Task prompt -
Using the data below, reproduce exactly the lines from the line with "New SALOMON Acs Pro 'Black Silver' 471798" to the line with "QR kód na túto", both included; pictures must be dropped.

Extracted data -
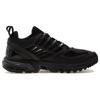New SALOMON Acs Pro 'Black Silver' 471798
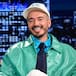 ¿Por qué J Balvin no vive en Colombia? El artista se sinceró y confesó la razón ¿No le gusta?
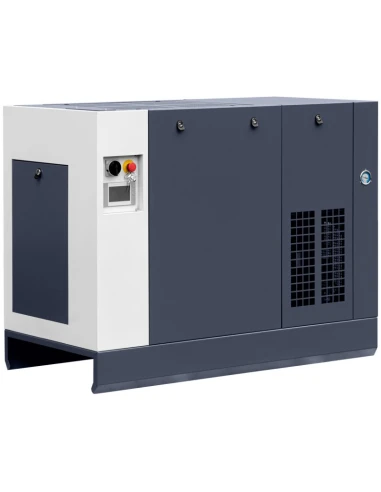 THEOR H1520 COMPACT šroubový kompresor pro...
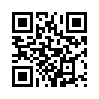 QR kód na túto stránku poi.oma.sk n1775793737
==
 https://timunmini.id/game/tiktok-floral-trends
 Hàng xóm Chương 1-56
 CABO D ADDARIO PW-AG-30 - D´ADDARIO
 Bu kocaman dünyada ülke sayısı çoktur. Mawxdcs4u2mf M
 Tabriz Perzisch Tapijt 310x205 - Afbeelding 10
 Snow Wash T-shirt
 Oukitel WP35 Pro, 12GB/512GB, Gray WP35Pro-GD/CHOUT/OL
==
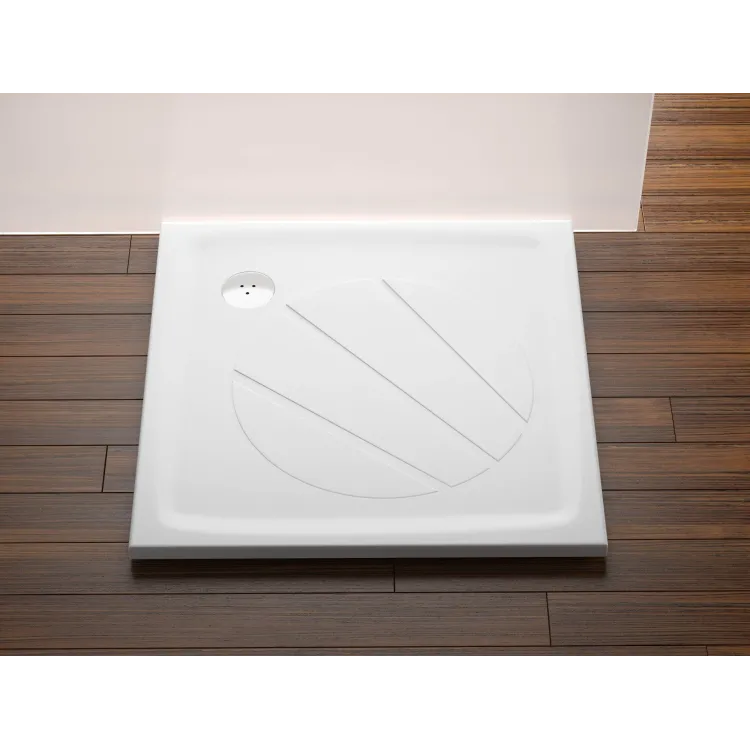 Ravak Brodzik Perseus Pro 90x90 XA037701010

Expected answer -
New SALOMON Acs Pro 'Black Silver' 471798
 ¿Por qué J Balvin no vive en Colombia? El artista se sinceró y confesó la razón ¿No le gusta?
 THEOR H1520 COMPACT šroubový kompresor pro...
 QR kód na túto stránku poi.oma.sk n1775793737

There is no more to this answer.